This DevTalks webinar explores how SambaNova works with CrewAI. The demo showcases the power of SambaNova in CrewAI’s agentic framework and enables viewers to immediately build their own AI agents crew that interacts together to solve real-world problems.
This DevTalks webinar introduces developers to designing effective AI agents using CrewAI, with a focus on how high-performance inference infrastructure enables more powerful agentic systems. Justin Woo from SambaNova provides a brief introduction to the SambaNova SN40L RDU chip, and why inference speed and efficiency matter as AI applications evolve from simple chatbots to complex, multi-agent workflows that generate far more tokens and coordinate across multiple models. He demonstrates SambaNova’s inference performance with a live side-by-side comparison against ChatGPT, showing dramatically faster time-to-first-token and overall generation speed while maintaining accuracy.
Shane from CrewAI then framed the evolution of AI applications in three phases: single chatbots, domain-specific assistants and copilots (often powered by RAG), and today’s agentic workflows. In this latest phase, multiple specialized agents collaborate to handle complex, repeatable business processes with a higher degree of autonomy.
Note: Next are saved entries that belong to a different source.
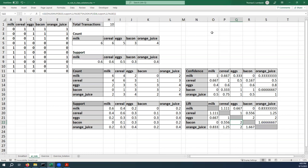In other words, in the context of this problem, people are buying bacon and eggs together at twice the rate that we would expect them to be buying them if they were purely at random. In other words, they're clearly going out of their way to buy this more frequently than they would if they were just purchasing them at random.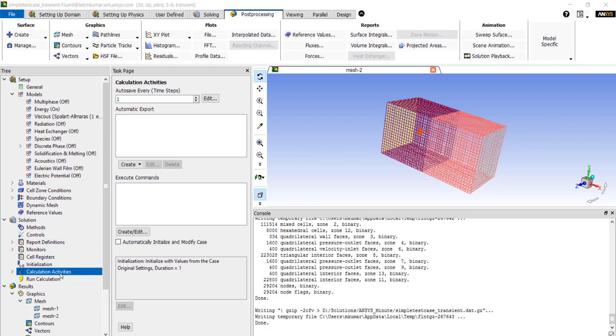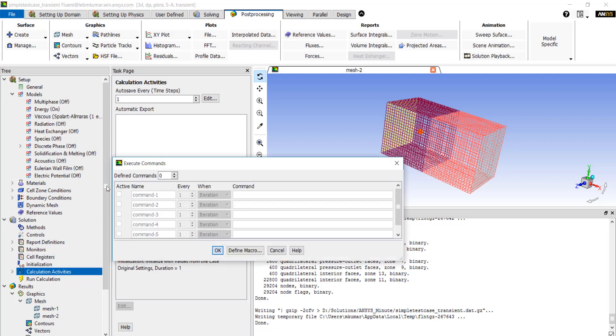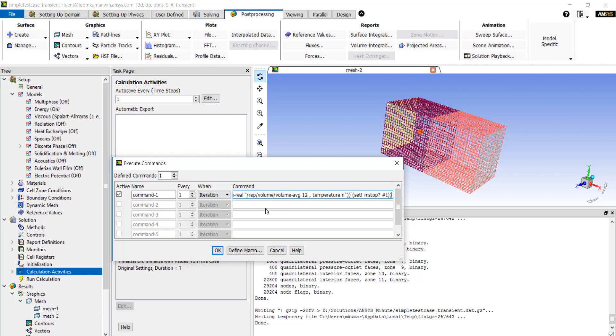We need to go to the calculation activities panel and enter a new command. Increase the defined commands by one, make this command active, and then type this scheme command that basically has three components.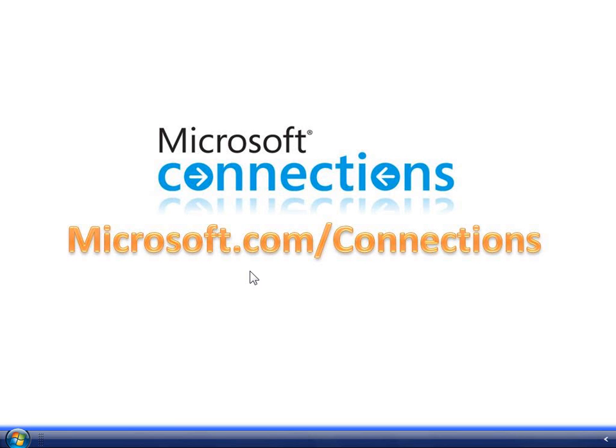Hi, my name is Brian Kane and I am a Small Business Solution Advisor with Microsoft Connections. Today I'm going to show you how to take advantage of some of the voice recognition features found within Windows Vista.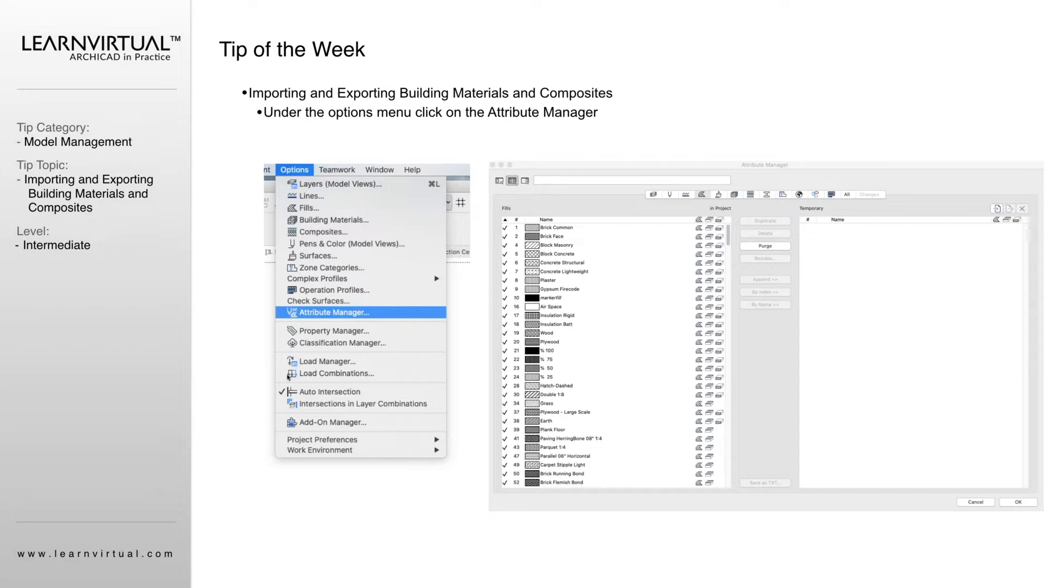We can export all of our surfaces, all of our building materials, our composites. We can export those to be then brought back into your template or whatever other file you want to use those in.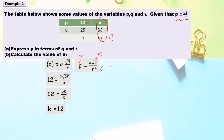After obtaining k equals 12, don't forget to write the complete equation. So p equals 12 times square root of q over r. This is the complete equation expressing p in terms of q and r.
He emphasized that real value comes not just from orchestration, but from being able to build, observe, optimize, and scale agents across an organization — supported by features like visual editors, tracing, guardrails, human-in-the-loop feedback, and centralized agent and tool repositories. A case study from General Assembly illustrated how mapping agents to real human roles reduced content development time by 90% and helped reduce team burnout.
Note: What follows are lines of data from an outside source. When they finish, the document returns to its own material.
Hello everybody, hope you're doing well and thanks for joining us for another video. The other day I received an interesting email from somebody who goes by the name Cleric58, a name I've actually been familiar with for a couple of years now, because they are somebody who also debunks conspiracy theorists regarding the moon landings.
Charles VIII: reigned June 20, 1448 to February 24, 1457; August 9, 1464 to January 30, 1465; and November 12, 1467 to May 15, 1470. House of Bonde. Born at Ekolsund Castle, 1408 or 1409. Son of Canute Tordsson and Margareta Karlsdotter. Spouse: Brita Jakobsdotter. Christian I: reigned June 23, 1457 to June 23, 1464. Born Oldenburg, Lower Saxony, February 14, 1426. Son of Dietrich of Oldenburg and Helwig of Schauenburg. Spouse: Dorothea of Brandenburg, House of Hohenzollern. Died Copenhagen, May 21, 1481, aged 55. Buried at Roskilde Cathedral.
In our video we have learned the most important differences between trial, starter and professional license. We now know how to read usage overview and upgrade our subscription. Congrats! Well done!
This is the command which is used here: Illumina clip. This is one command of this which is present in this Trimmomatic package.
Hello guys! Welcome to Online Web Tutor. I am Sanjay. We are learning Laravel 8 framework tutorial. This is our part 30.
The live demo showed how CrewAI’s visual studio can generate a full multi-agent workflow from a detailed natural-language prompt, automatically defining agent roles, tasks, and backstories. Justin and Shane highlighted how developers can iteratively refine these agents, swap models per agent based on task needs, replay individual steps, and integrate or even auto-generate custom tools. Throughout, they stressed that agentic systems are inherently “chatty” and token-intensive, making fast, cost-efficient inference — like SambaNova’s — especially valuable. The webinar concluded with Q&A, practical use cases (from competitive research to scheduling and email automation), and encouragement for attendees to experiment hands-on, mix and match models, and start building agentic workflows today.